ABOUT THIS EXERCISE → After locating the line with "1570 James Street Woodburn OR 97071" below, output it and each following line exactly, stopping after the line with "Butterfly sleeves button". No pictures.

DATA SECTION →

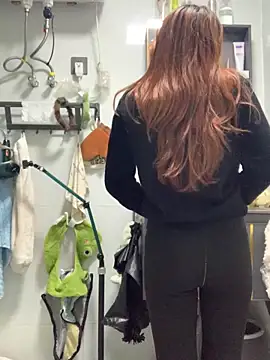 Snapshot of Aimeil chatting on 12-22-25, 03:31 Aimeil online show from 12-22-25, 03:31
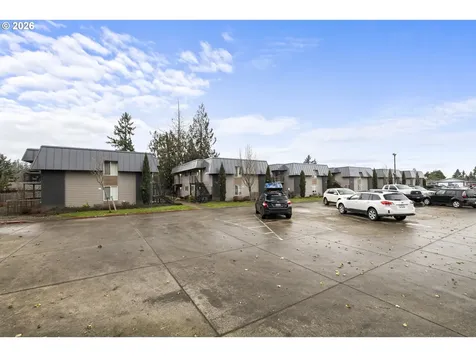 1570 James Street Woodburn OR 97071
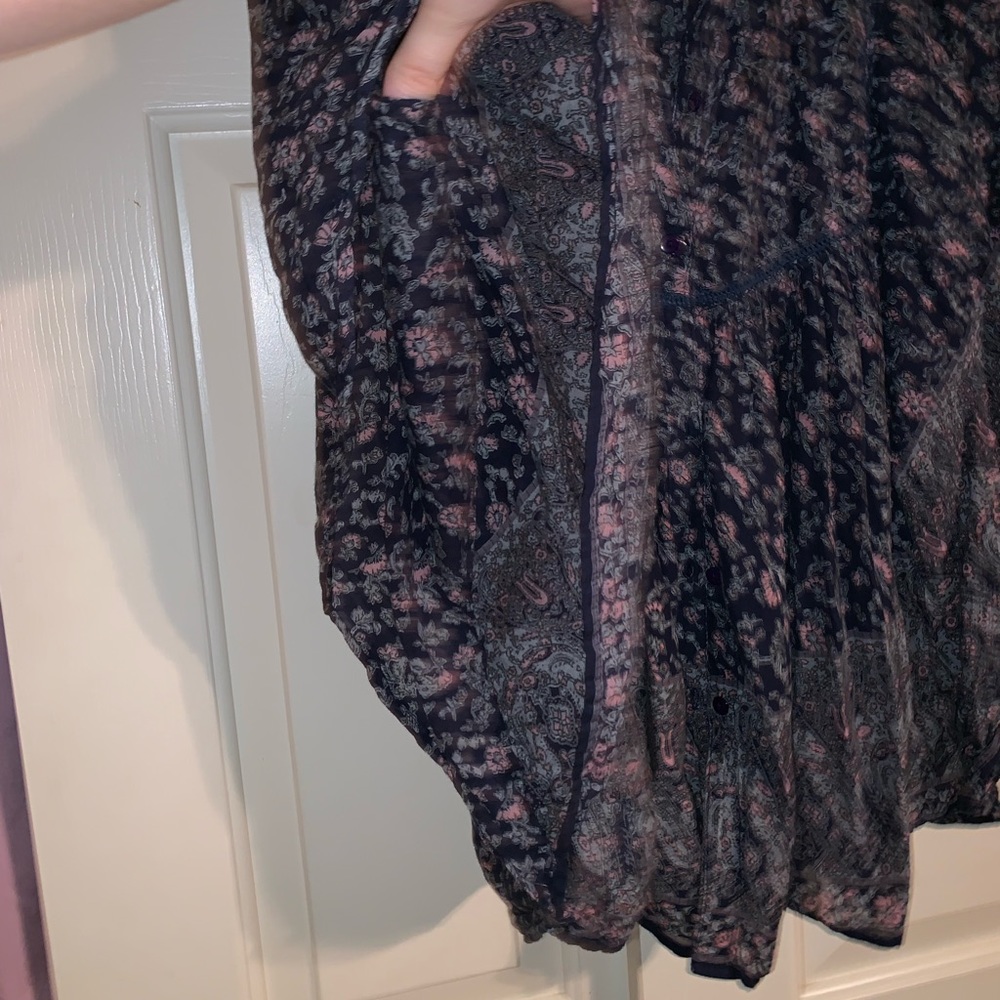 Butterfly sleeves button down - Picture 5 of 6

---

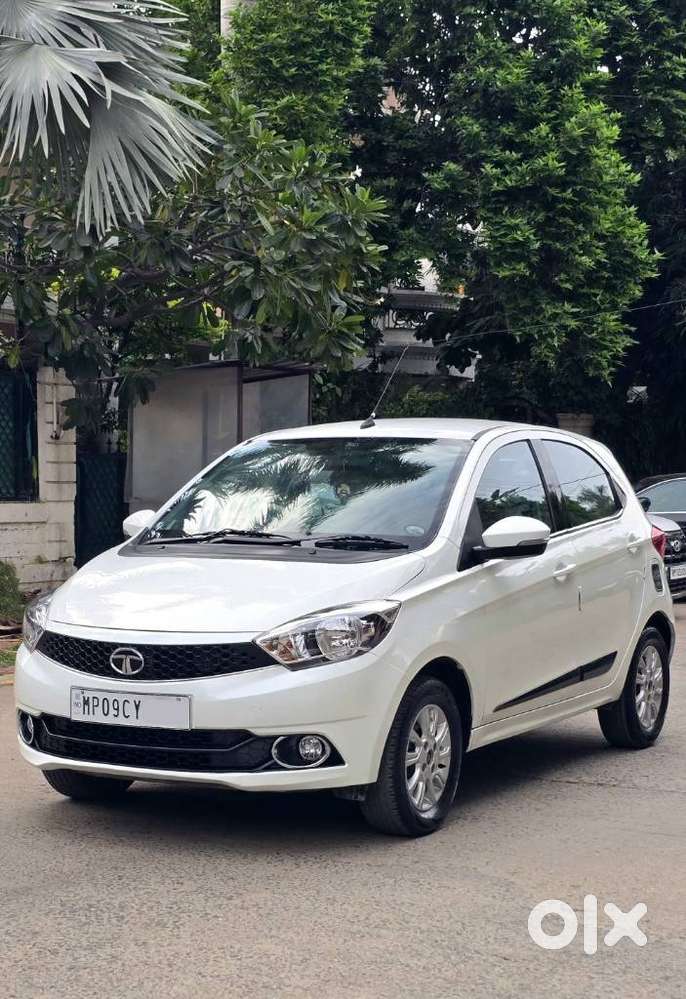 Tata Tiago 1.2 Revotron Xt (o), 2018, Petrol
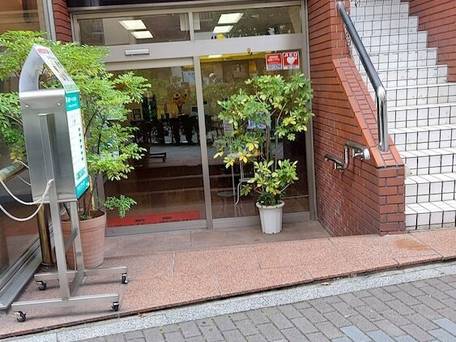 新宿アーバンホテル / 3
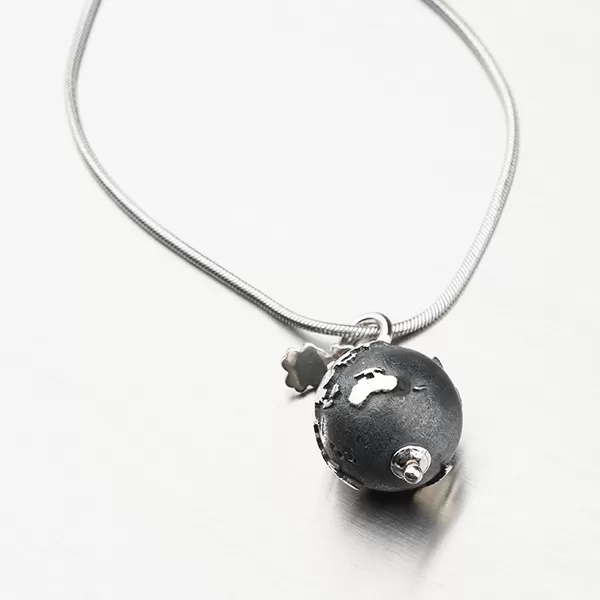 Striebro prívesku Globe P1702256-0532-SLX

...

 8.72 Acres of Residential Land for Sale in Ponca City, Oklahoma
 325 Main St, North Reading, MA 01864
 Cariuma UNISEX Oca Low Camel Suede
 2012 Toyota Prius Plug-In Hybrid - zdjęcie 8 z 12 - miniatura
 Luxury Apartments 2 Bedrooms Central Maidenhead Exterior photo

FINAL ANSWER →
 1570 James Street Woodburn OR 97071
 Butterfly sleeves button down - Picture 5 of 6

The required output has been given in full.